The RHIC dipole coil cross-section was optimized for small b2 at design field and small b4 at injection (yoke was optimized for small variations in between). The final phase of dipole production showed that on the average both were much smaller than the geometric tolerances (25 micron or 1 mil) in parts. Even a 10 micron systematic error in the critical wedge would have generated larger systematic harmonic errors than measured.
The RHIC magnet design philosophy was based on a flexible approach where a mid-course correction in the manufacturing could be easily applied without disrupting the production. This approach accommodated geometric errors in individual parts, kept production line moving smoothly and made magnets with average field errors less than the geometric tolerances in parts.
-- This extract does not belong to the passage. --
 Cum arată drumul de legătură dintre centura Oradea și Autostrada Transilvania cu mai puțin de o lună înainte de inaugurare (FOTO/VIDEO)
RMS errors (shown earlier) were also much smaller than previously thought possible. RHIC dipoles use phenolic RX630 spacers between the coil and iron. This is a critical component which defines coil geometry and hence influences the geometric errors in field harmonics. This component had part to part variation of 2-3 mils instead of 1 mil. However, the RMS errors in RHIC magnets (generated from this and other parts) were much smaller. Explanation: the field errors are smaller than the corresponding mechanical errors in parts thanks to averaging (if the quantity of those components is large) and symmetry effects (if the components are used in a symmetric fashion).
Conclusion: Both systematic and random geometric field errors in magnets are much smaller than the geometric tolerances in parts.